Another popular online resource, for those with a Facebook account, is Renee’s Reading Club. With over 54,000 members, this group is filled with book recommendations and reviews. 

Love historical fiction? Check out The Women by Kristin Hannah, author of The Nightingale and The Four Winds. This novel tells the untold story of the women who served as nurses in the Vietnam War. 

A fan of fiction? Swan Song by Elin Hilderbrand has all the makings of a perfect beach read: drama and romance. Demon Copperfield by Barbara Kingsolver is a coming-of-age story set in Appalachia.

Summertime is a good opportunity for you to lighten things up a bit when it comes to books — both in terms of content and length. If you typically turn the pages of massive historical tomes, allow yourself the “guilty pleasure” of reading a work of fiction. There’s no judgment here. If you never read 50 Shades of Grey, go for it!

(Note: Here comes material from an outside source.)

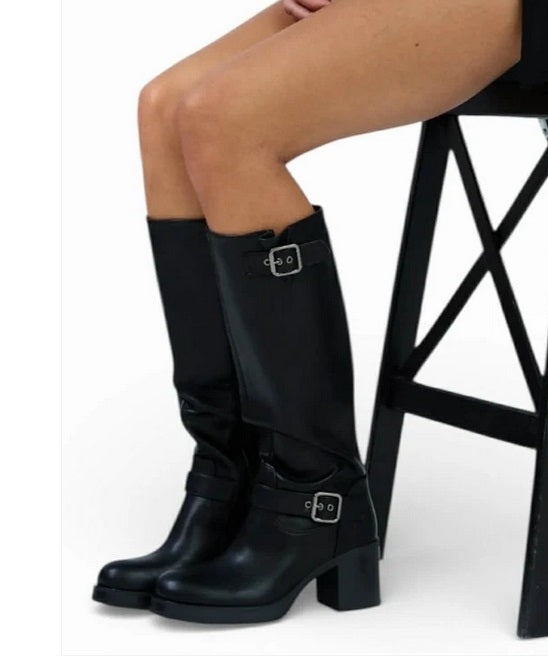 CHAUSSURES FEMME BOTTES CAVALIERES BOUCLE MISS IVY NOIR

Do you enjoy sharing your love of books with others? If so, the Meadowood Book Club is for you. Bonnie MacDonald has been leading the book club for two years. The book club, with about two dozen members and 15 “regulars,” meets the second Monday of the month, October through June, from 11 a.m. to noon in the Club Room. Because all books are borrowed from the Montgomery County Library Bookmobile, Bonnie acknowledges it’s sometimes difficult to get enough copies of extremely popular selections.

A reading list, with a synopsis of each book, is compiled based on titles members have read or are interested in reading. Members then vote on the books to be read. Bonnie noted that a few members read their books on Kindle and several of the senior readers prefer larger-print books.

“It’s pretty informal,” Bonnie says of the meetings. Members rotate who leads the discussion, usually starting with a brief background on the author. Like many book clubs, members often take turns saying whether they liked the book and why. 

Bonnie has found book club notes dating back to 1995. Some of the club’s first books include The Scarlet Letter and The Shipping News. More recent selections have included A Gentleman in Moscow and Killers of the Flower Moon. She says the club reads books of all genres: fiction, nonfiction, historical fiction. If you’re a lover of mysteries, though, you’ll have to read those on your own. Some of her favorite authors are Alice Hoffman, Isabelle Allende, Erik Larsen, and David Grann (author of Killers of the Flower Moon).

She notes that Meadowood has its own library, and the first week of every month there’s a table with books for the taking. The library’s checkout system, like the book club, is rather informal. “It’s on the honor system,” Bonnie says. “You can keep the book out for as long as you want.”

So whether you enjoy discussing books with others who share your passion for reading or prefer to go at your own pace, summer is the perfect time to go on a literary adventure and get lost in the pages of a good book. Remember, active aging involves both the body and the mind — and reading is a wonderful way to keep the mind sharp. So go ahead and stick your toes in the sand and your nose in a novel.